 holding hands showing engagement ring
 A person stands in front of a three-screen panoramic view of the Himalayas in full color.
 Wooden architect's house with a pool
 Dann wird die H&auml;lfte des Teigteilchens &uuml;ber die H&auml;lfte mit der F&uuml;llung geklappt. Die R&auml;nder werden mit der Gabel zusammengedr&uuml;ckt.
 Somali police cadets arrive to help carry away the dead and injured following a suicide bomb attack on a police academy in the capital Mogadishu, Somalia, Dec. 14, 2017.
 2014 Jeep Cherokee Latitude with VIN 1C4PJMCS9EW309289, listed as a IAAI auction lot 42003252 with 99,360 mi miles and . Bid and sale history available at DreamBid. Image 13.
════
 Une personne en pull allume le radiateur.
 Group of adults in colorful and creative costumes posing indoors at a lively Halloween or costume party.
════
Word for word, restate the lines above from the line containing "holding hands showing engagement ring" through the line containing "2014 Jeep Cherokee", with both included and nothing else.

 holding hands showing engagement ring
 A person stands in front of a three-screen panoramic view of the Himalayas in full color.
 Wooden architect's house with a pool
 Dann wird die H&auml;lfte des Teigteilchens &uuml;ber die H&auml;lfte mit der F&uuml;llung geklappt. Die R&auml;nder werden mit der Gabel zusammengedr&uuml;ckt.
 Somali police cadets arrive to help carry away the dead and injured following a suicide bomb attack on a police academy in the capital Mogadishu, Somalia, Dec. 14, 2017.
 2014 Jeep Cherokee Latitude with VIN 1C4PJMCS9EW309289, listed as a IAAI auction lot 42003252 with 99,360 mi miles and . Bid and sale history available at DreamBid. Image 13.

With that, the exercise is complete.